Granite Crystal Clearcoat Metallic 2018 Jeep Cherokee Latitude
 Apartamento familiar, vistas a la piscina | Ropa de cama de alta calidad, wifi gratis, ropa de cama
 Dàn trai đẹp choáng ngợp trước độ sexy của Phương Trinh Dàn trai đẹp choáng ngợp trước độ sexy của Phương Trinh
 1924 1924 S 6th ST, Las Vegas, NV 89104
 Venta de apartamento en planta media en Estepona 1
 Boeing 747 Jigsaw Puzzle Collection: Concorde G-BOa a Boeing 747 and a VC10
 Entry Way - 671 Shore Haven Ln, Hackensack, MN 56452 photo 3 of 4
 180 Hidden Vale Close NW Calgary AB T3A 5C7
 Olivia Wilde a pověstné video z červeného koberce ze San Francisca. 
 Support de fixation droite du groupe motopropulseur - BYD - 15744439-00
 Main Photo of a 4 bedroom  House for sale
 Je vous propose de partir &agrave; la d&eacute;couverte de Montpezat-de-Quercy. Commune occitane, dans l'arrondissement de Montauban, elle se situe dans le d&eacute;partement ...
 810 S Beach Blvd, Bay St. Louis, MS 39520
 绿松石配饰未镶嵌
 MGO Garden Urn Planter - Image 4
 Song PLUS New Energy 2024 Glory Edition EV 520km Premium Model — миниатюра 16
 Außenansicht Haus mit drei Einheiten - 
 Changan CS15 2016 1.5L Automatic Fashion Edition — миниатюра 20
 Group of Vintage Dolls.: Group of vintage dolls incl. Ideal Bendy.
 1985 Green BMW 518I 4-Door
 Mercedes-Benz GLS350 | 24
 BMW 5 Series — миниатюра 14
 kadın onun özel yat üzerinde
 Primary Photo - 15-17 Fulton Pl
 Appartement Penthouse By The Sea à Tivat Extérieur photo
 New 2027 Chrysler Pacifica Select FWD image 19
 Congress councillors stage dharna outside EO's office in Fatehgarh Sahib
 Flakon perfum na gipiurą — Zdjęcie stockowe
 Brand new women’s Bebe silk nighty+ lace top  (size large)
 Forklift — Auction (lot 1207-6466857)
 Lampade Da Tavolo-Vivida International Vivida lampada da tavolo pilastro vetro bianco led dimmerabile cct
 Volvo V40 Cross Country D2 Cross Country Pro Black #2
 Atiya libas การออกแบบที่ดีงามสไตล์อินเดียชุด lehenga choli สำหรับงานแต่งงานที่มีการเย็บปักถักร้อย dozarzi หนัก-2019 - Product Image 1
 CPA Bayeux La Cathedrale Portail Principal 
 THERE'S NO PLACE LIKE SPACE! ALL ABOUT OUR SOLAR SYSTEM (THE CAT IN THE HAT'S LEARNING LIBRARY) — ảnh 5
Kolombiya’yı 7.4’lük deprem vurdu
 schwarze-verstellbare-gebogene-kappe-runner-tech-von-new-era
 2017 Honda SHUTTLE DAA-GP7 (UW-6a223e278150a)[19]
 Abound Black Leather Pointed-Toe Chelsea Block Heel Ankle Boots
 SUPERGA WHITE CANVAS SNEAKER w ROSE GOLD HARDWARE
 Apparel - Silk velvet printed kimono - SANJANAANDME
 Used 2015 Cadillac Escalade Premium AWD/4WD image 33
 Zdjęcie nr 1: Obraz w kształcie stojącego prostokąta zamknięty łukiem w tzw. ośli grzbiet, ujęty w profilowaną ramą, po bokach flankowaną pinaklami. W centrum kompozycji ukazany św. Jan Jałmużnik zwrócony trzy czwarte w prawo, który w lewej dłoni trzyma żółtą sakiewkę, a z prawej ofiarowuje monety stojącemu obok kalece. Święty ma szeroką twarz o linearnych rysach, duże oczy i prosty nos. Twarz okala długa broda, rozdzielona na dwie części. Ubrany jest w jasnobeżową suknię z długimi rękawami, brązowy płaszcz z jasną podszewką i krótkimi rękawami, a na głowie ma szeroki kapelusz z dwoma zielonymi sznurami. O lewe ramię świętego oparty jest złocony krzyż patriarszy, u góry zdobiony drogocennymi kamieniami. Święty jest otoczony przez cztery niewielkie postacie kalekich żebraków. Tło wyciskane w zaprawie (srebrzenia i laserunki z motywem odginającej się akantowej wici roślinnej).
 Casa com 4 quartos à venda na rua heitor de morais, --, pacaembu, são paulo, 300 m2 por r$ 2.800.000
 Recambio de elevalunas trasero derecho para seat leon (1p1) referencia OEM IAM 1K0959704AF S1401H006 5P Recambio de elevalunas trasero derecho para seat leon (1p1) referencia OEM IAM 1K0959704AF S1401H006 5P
▬▬▬▬▬▬
## Action item
Please return the data above in full, without altering a single line.

## Result of this exercise
Granite Crystal Clearcoat Metallic 2018 Jeep Cherokee Latitude
 Apartamento familiar, vistas a la piscina | Ropa de cama de alta calidad, wifi gratis, ropa de cama
 Dàn trai đẹp choáng ngợp trước độ sexy của Phương Trinh Dàn trai đẹp choáng ngợp trước độ sexy của Phương Trinh
 1924 1924 S 6th ST, Las Vegas, NV 89104
 Venta de apartamento en planta media en Estepona 1
 Boeing 747 Jigsaw Puzzle Collection: Concorde G-BOa a Boeing 747 and a VC10
 Entry Way - 671 Shore Haven Ln, Hackensack, MN 56452 photo 3 of 4
 180 Hidden Vale Close NW Calgary AB T3A 5C7
 Olivia Wilde a pověstné video z červeného koberce ze San Francisca. 
 Support de fixation droite du groupe motopropulseur - BYD - 15744439-00
 Main Photo of a 4 bedroom  House for sale
 Je vous propose de partir &agrave; la d&eacute;couverte de Montpezat-de-Quercy. Commune occitane, dans l'arrondissement de Montauban, elle se situe dans le d&eacute;partement ...
 810 S Beach Blvd, Bay St. Louis, MS 39520
 绿松石配饰未镶嵌
 MGO Garden Urn Planter - Image 4
 Song PLUS New Energy 2024 Glory Edition EV 520km Premium Model — миниатюра 16
 Außenansicht Haus mit drei Einheiten - 
 Changan CS15 2016 1.5L Automatic Fashion Edition — миниатюра 20
 Group of Vintage Dolls.: Group of vintage dolls incl. Ideal Bendy.
 1985 Green BMW 518I 4-Door
 Mercedes-Benz GLS350 | 24
 BMW 5 Series — миниатюра 14
 kadın onun özel yat üzerinde
 Primary Photo - 15-17 Fulton Pl
 Appartement Penthouse By The Sea à Tivat Extérieur photo
 New 2027 Chrysler Pacifica Select FWD image 19
 Congress councillors stage dharna outside EO's office in Fatehgarh Sahib
 Flakon perfum na gipiurą — Zdjęcie stockowe
 Brand new women’s Bebe silk nighty+ lace top  (size large)
 Forklift — Auction (lot 1207-6466857)
 Lampade Da Tavolo-Vivida International Vivida lampada da tavolo pilastro vetro bianco led dimmerabile cct
 Volvo V40 Cross Country D2 Cross Country Pro Black #2
 Atiya libas การออกแบบที่ดีงามสไตล์อินเดียชุด lehenga choli สำหรับงานแต่งงานที่มีการเย็บปักถักร้อย dozarzi หนัก-2019 - Product Image 1
 CPA Bayeux La Cathedrale Portail Principal 
 THERE'S NO PLACE LIKE SPACE! ALL ABOUT OUR SOLAR SYSTEM (THE CAT IN THE HAT'S LEARNING LIBRARY) — ảnh 5
Kolombiya’yı 7.4’lük deprem vurdu
 schwarze-verstellbare-gebogene-kappe-runner-tech-von-new-era
 2017 Honda SHUTTLE DAA-GP7 (UW-6a223e278150a)[19]
 Abound Black Leather Pointed-Toe Chelsea Block Heel Ankle Boots
 SUPERGA WHITE CANVAS SNEAKER w ROSE GOLD HARDWARE
 Apparel - Silk velvet printed kimono - SANJANAANDME
 Used 2015 Cadillac Escalade Premium AWD/4WD image 33
 Zdjęcie nr 1: Obraz w kształcie stojącego prostokąta zamknięty łukiem w tzw. ośli grzbiet, ujęty w profilowaną ramą, po bokach flankowaną pinaklami. W centrum kompozycji ukazany św. Jan Jałmużnik zwrócony trzy czwarte w prawo, który w lewej dłoni trzyma żółtą sakiewkę, a z prawej ofiarowuje monety stojącemu obok kalece. Święty ma szeroką twarz o linearnych rysach, duże oczy i prosty nos. Twarz okala długa broda, rozdzielona na dwie części. Ubrany jest w jasnobeżową suknię z długimi rękawami, brązowy płaszcz z jasną podszewką i krótkimi rękawami, a na głowie ma szeroki kapelusz z dwoma zielonymi sznurami. O lewe ramię świętego oparty jest złocony krzyż patriarszy, u góry zdobiony drogocennymi kamieniami. Święty jest otoczony przez cztery niewielkie postacie kalekich żebraków. Tło wyciskane w zaprawie (srebrzenia i laserunki z motywem odginającej się akantowej wici roślinnej).
 Casa com 4 quartos à venda na rua heitor de morais, --, pacaembu, são paulo, 300 m2 por r$ 2.800.000
 Recambio de elevalunas trasero derecho para seat leon (1p1) referencia OEM IAM 1K0959704AF S1401H006 5P Recambio de elevalunas trasero derecho para seat leon (1p1) referencia OEM IAM 1K0959704AF S1401H006 5P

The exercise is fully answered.